I am not exactly sure (as I am still waiting for my CDR assessment to arrive), but out of my curiosity to understand the process, I have been looking into all the forms and procedures. And therefore, according to me following should be the answers to your queries:

Q.41 Asks for the *current visa* details for which as you mentioned, it would be Dec,2013.

Q.42 Asks for the *arrival details* in Aus,for which it would be 2010

It looks like Ques 41, 42 & 43 are a part of Question 40. So your answers to these questions should be with respect to your current visa.

As you have been allocated a CO, you can always discuss the same with him/her. 

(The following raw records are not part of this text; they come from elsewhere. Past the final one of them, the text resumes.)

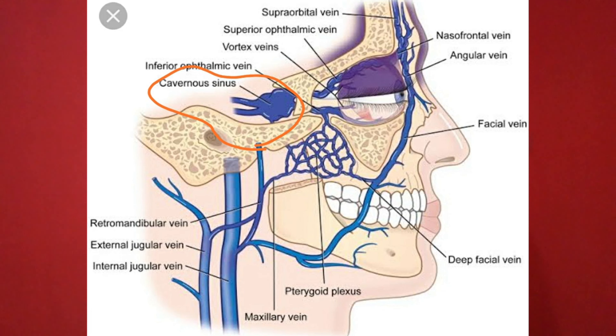We have to supply this area of the face through the facial veins. It carries deoxygenated blood. The facial vein drains into the cavernous sinus, which is a cavity at the base of the skull.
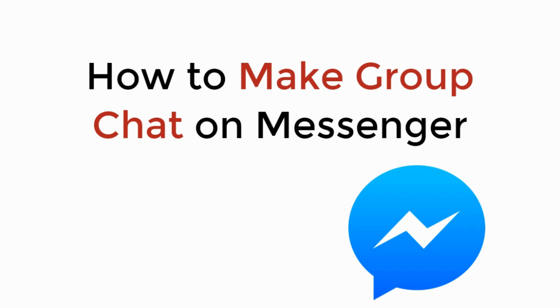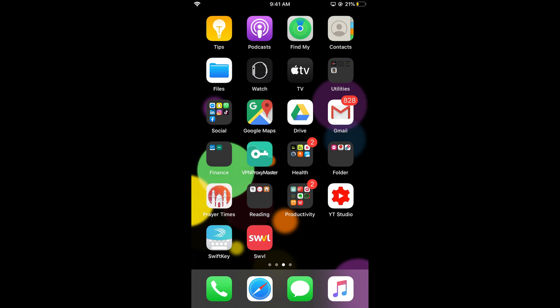In this video, we will learn how to make a group chat on Messenger. It's a really simple process, and it's the same for both Android and iOS devices.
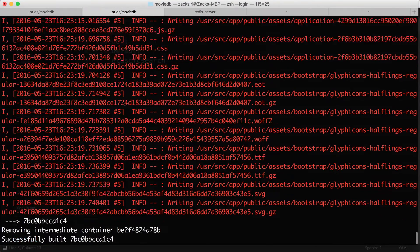The build completed successfully. What we're going to do now is stop the current container, delete it, and then reboot the web container and the worker container with the new image we just built.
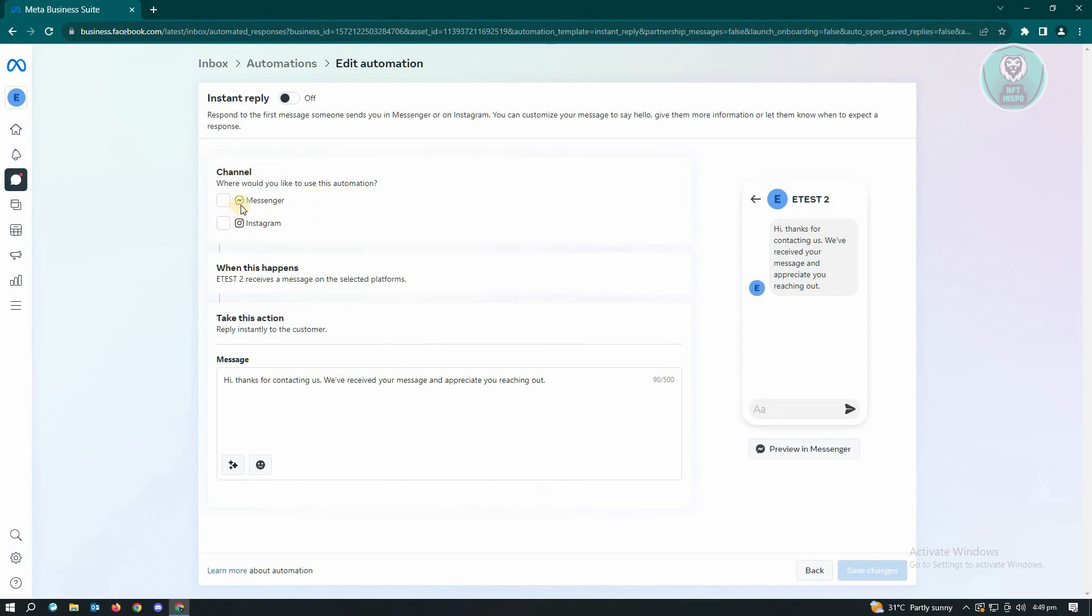We have Messenger and Instagram here. In here you could also choose 'when this happens' if you want to, and we also have the 'take this action' option.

Q.35 says , "Are you planning to travel to Australia with any other person(s) OR if you are in Australia did you travel with any other person(s)?"

As you are already in Australia, and as you mentioned, you traveled separately, so the answer would be NO.

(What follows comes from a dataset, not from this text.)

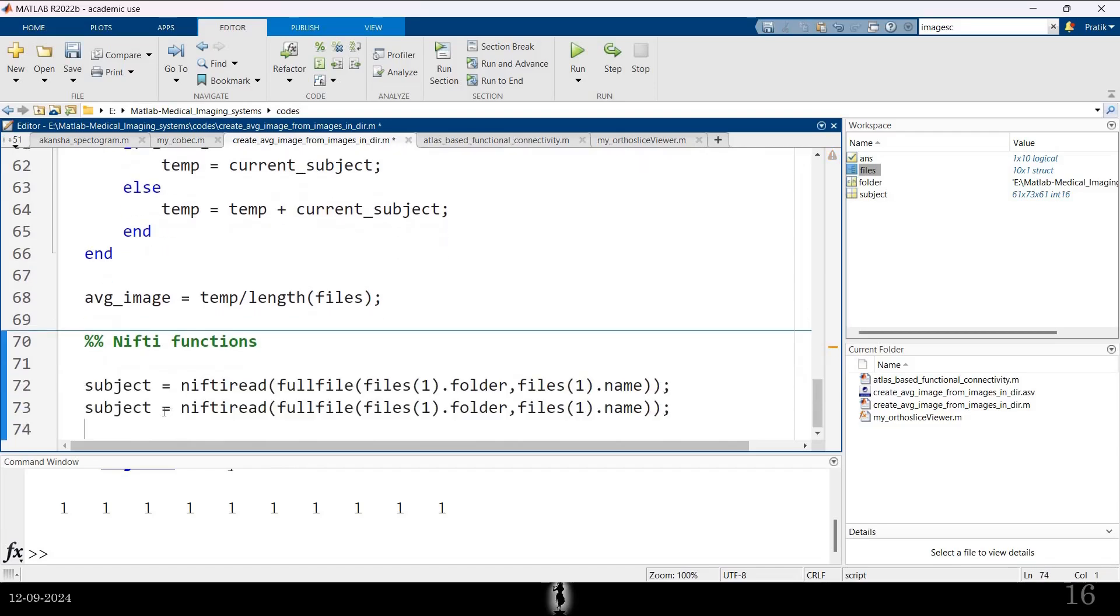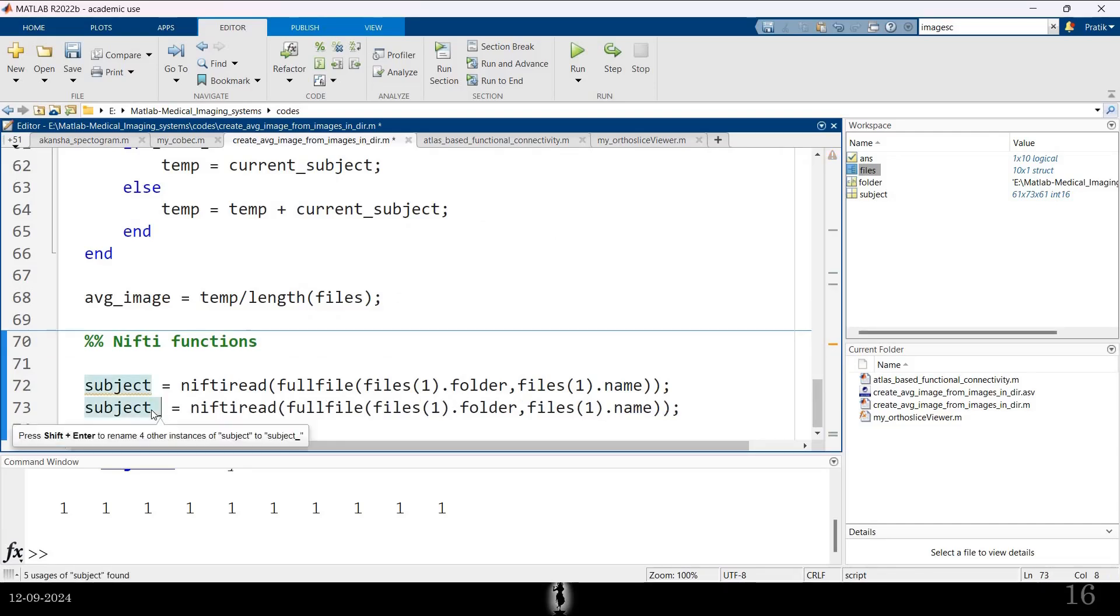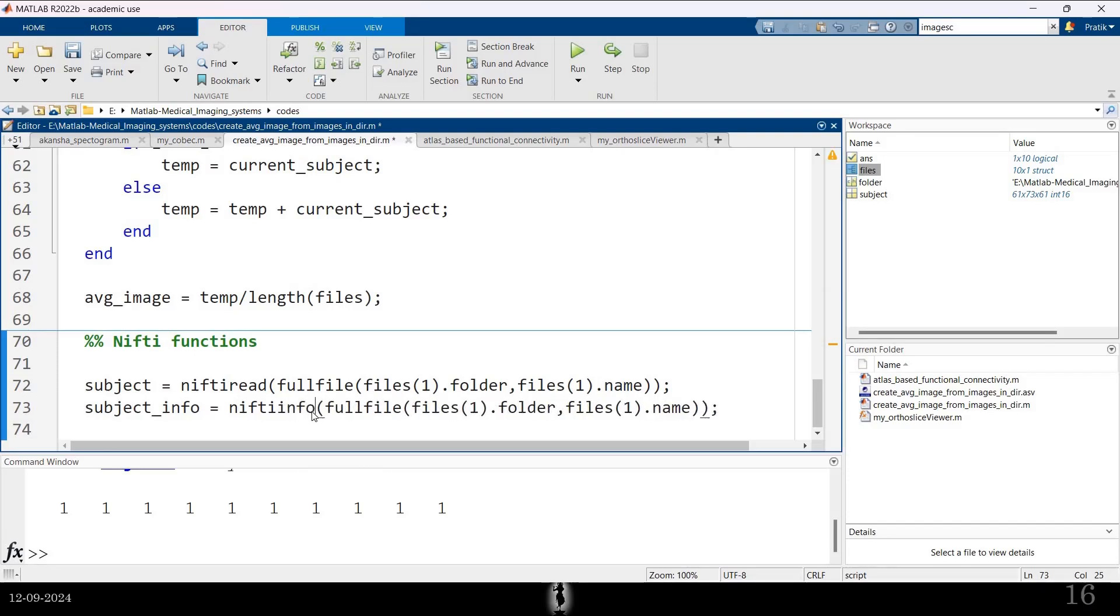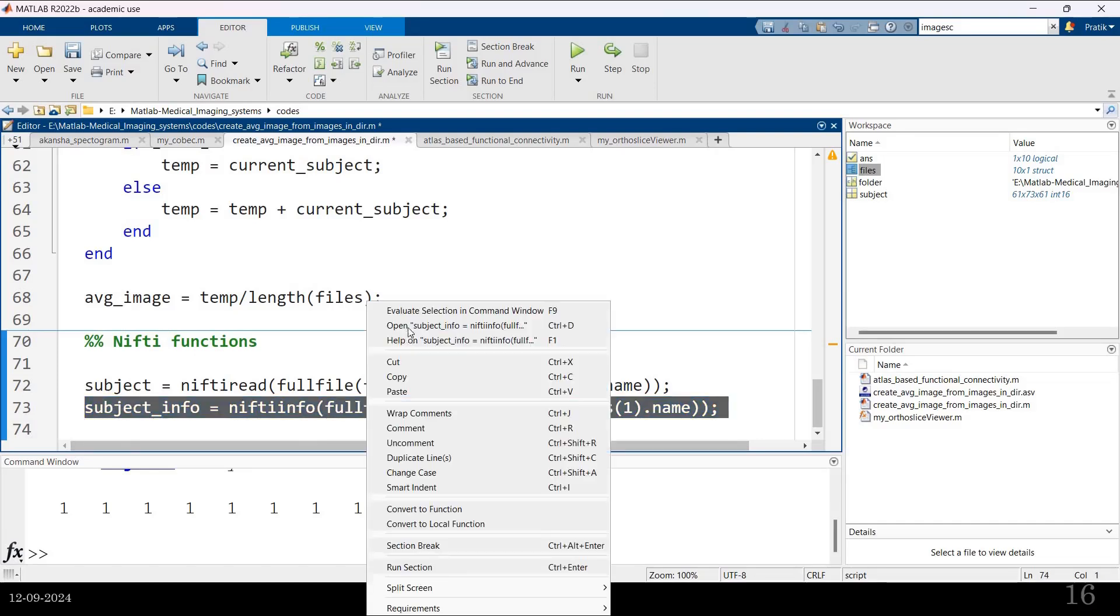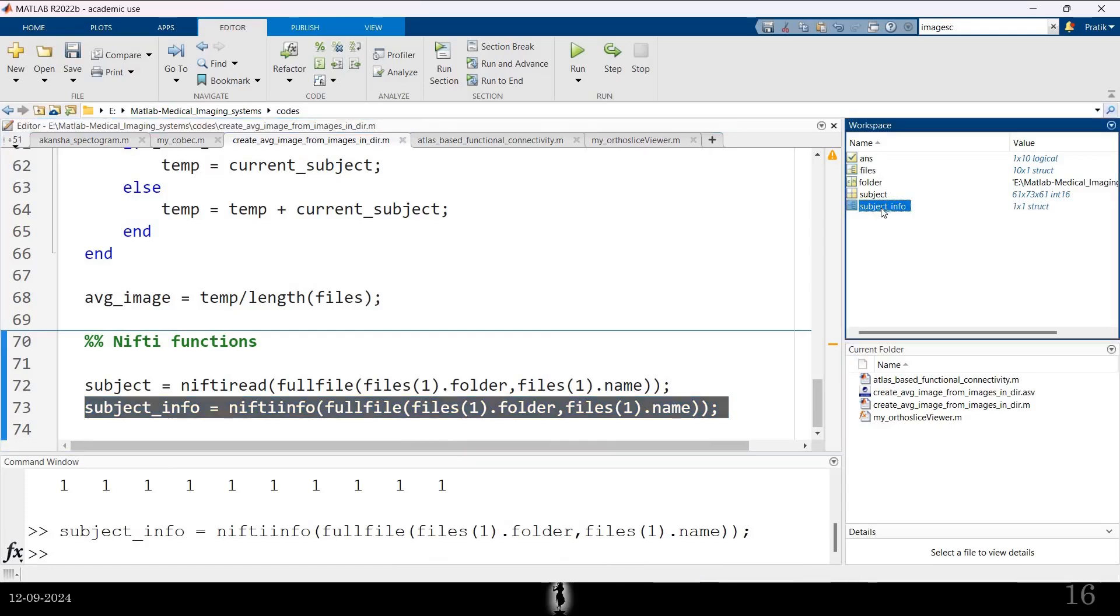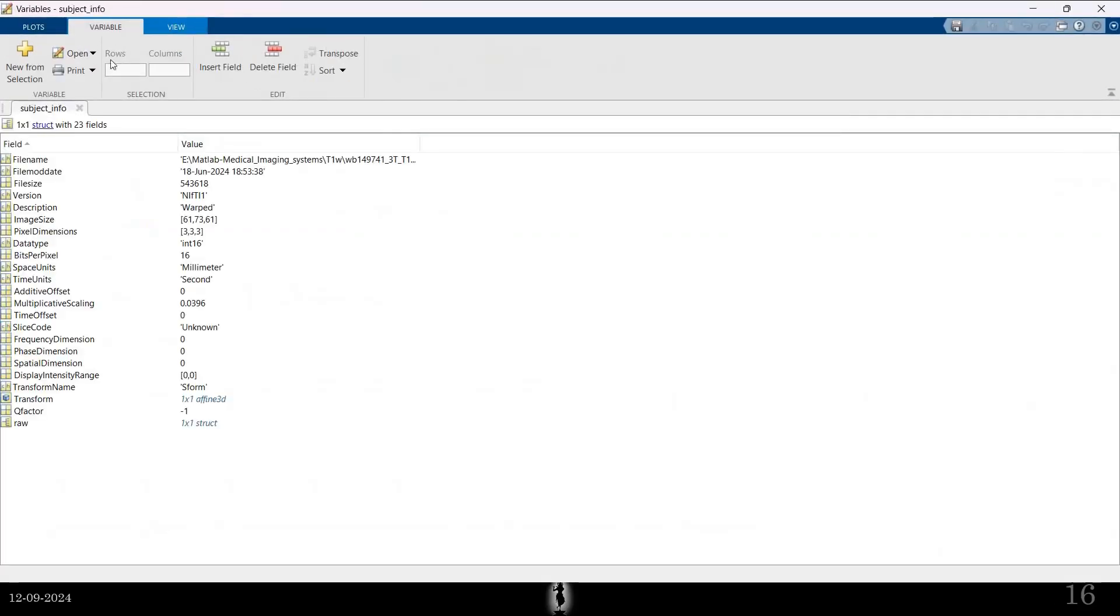You can also see the header using what is called as Nifty info. Nifty info will give you the header. Let me just execute that. Okay. Again, that's a structure variable.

Here I believe, they are not asking the current scenario; they are just asking whether at the time of arrival, you traveled alone to Australia or were accompanied by anyone.

This is what I understood. Still I believe, you can check with ur CO or other people on the forum.

All the best..


----------



## HMalhotra (Jan 16, 2014)

On the same time, I have got some queries in regards to Form 80..

Q.4 *Did you use the passport/travel document at Question 1 to enter Australia? If No, write the number of the document used to enter Australia?* I believe the question is wrong. I never traveled to Australia. Therefore in case I say NO, the travel document number used to enter becomes an irrelevant question. How should I answer this.

Q.20 & Q.21* Address in Australia where you can be contacted & Contact Telephone Number in Australia? * As I am not sure of where I am gonna stay initially as I will be traveling for the first time; I won't be able to answer these. They have mentioned question 21 to be optional (if known) but not Q20. Are these of much importance..?


(Q.51g, Q.52g & Q.53g) *Is the parent/sibling currently, or have they ever been, a citizen of any country? If yes, then which country? How do they have this Citizenship? Since when do they have it and till when?* My parents and a sibling are citizens of India by birth. What should be the answer.

Can someone throw some light on the above asked questions.. 

Thanks in advance..


----------



## RGK2013 (Apr 7, 2014)

Hi All,

I have a few Questions regarding Form80. Would be of great help if some one can clarify it.

1. Should we also include part time jobs carried while studying in Australia?

2. I was due to submit my PhD thesis a week ago. However, the submission is delayed and I hope to submit in a month time. I have indicated that the course completion would be 14/05/2014 in my visa application. Will it be alright if the date is changed in form 80?

3. Question 26 - I am already in Australia. What should I answer for question "What is your main reason for remaining in Australia"? Is it about my present stay that is educational purpose or future plans? May I know what will be an appropriate answer?

4. Question 35 and 36: I am in Australia with Research category student visa. Previously I was in a postgraduate student visa. From the date of first entry till now I have held 3 visas. How should I answer these questions.
Question 35: Are you currently in Australia?
Question 36: Have you been to Australia before?

5. Question 48: Do you have any personal contacts in Australia? - Can I give any friends or landlord? Is there any preference over the contacts like, contact of boss is better than friend or so?
Question 49: Do you have any other personal contacts in Australia? - What and how many (added to the additional documents section) should I give?

6. I understand that I have to fill a separate Form80 for my wife. She was not employed for a year after marriage. Can we state that she was house wife and was supported with my income? 

Your help is greatly appreciated.

Thanks in advance.


----------



## Sunlight11 (Apr 27, 2013)

RGK2013 said:


> Hi All,
> 
> I have a few Questions regarding Form80. Would be of great help if some one can clarify it.
> 
> ...


1.) No need, Part Time jobs are of no relevance. I didn't include even though throughout my Bachelor study I did a lot of casual jobs.

2.) Yes you should indicate the new date in Form 80, and in the explanation section at the bottom just mention that submission got delayed.

3.) I would say "Study".

4.) Answers for 35 should be 'Yes', but for 36 I would say 'No', because all your subsequent visas were issued while being 'Onshore'.

5.) I don't think any preferential treatment would be provided for having greater number of contacts ... I just included one of my friends, and later they asked me to provide his email and native state in our country.

6.) Yes no issues there ...


----------



## RGK2013 (Apr 7, 2014)

Sunlight11 said:


> 1.) No need, Part Time jobs are of no relevance. I didn't include even though throughout my Bachelor study I did a lot of casual jobs.
> 
> 2.) Yes you should indicate the new date in Form 80, and in the explanation section at the bottom just mention that submission got delayed.
> 
> ...


Thanks Sunlight 
Good luck with your grant.


----------



## RGK2013 (Apr 7, 2014)

Sunlight11 said:


> 1.) No need, Part Time jobs are of no relevance. I didn't include even though throughout my Bachelor study I did a lot of casual jobs.
> 
> 2.) Yes you should indicate the new date in Form 80, and in the explanation section at the bottom just mention that submission got delayed.
> 
> ...


Hi Sunlight,
One more small question regarding Q29. I am applying 489VISA, which is a provisional visa. Can you please shed some light on me if I should tick yes or no for the question "Are you applying for a temporary visa?". If yes, should I be giving departure details????
Thanks.
Cheers.


----------